The elector’s money had been sent to Nathan in London, who in 1808 utilized it to purchase £800,000 worth of gold from the East India Company, knowing that it would be needed for Wellington’s Peninsular campaign. He made no less than four profits on this: (1) on the sale of Wellington’s paper, (2) on the sale of the gold to Wellington, (3) on its repurchase, and (4) on forwarding it to Portugal. This was the beginning of the great fortunes of the house, and its early transactions may be divided into three stages, in each of which Nathan was the guiding spirit: namely, (1) from 1808 to 1815, mainly the transmission of bullion from England to the Continent for the use of the British armies and for subventions to the allies; (2) from 1816 to 1818, “bearing” operations on the stock exchange on the loans needed for the reconstruction of Europe after Napoleon’s downfall; and (3) from 1818 to 1848, the undertaking of loans and of refunding operations, which were henceforth to be the chief enterprises of the house.

It is reckoned that from 1814 to 1822 no less than £18,000,000 sterling was transferred by them to the Continent, and it was for this reason that the brothers were raised to the Austrian nobility.iv

It’s not that hard to imagine a syndicate of well connected Bitcoin players stretching out to the four corners of the globe, creating a blood-bound financial network.
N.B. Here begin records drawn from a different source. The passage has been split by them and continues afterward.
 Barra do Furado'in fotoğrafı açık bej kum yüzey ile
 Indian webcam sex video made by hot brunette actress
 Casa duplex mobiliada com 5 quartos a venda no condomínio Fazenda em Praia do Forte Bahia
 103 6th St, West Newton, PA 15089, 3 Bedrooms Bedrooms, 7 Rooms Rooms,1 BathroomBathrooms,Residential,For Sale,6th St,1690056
What’s harder to imagine is that anyone with Rothschildsesque connections and means would focus their attention on remittances rather than financing the wars and industrial growth of the future. Bitcoin is a better gold, after all, and it’ll be in high demand as a reserve currency with which to fund global expansion. Bitcoin has already solved the centralization of global currency control, but it will never resolve humanity’s struggles over scarce resources, nor the need to pay for said struggles. In a few decades’ time, it will make far more sense to make such BTC-denominated loans, even if it doesn’t right now.
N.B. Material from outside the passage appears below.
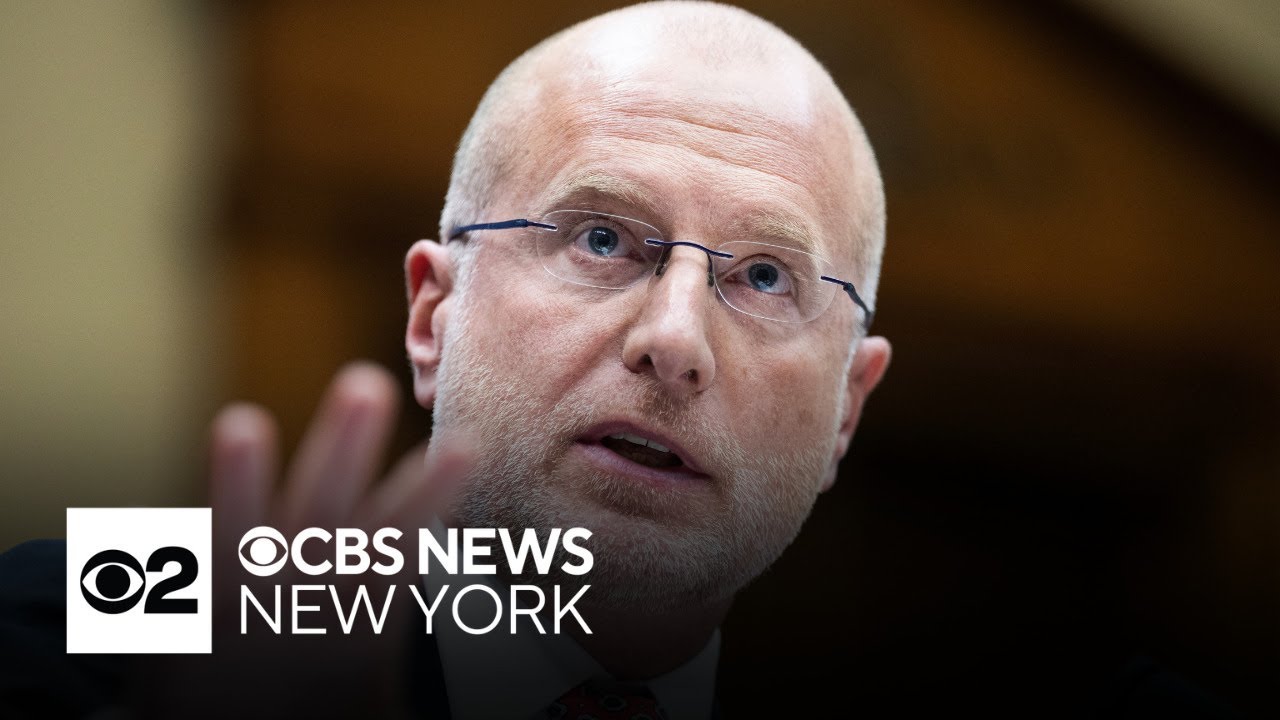 FCC says TV talk shows have to give political candidates equal time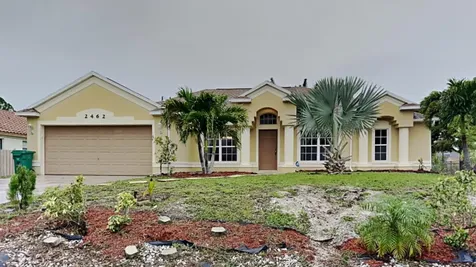 2462 SW Loquat Road Port St Lucie FL 34953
To create a global lending operation such as this would be a huge strain on anyone’s WoT, and I’m skeptical if even a decade in #bitcoin-assets would suffice. We may therefore be waiting until suitable kin take the charge. After all, while bitcoin can be transferred to anyone, anywhere, anytime, there’s no replacement for local relationships and local enforcement of contracts, which means a brother in every capital.

After the Rothschilds of Bitcoin find their way to the top, we can only hope that their children become such noble patrons of the arts.

Then, we will have our rennaissance!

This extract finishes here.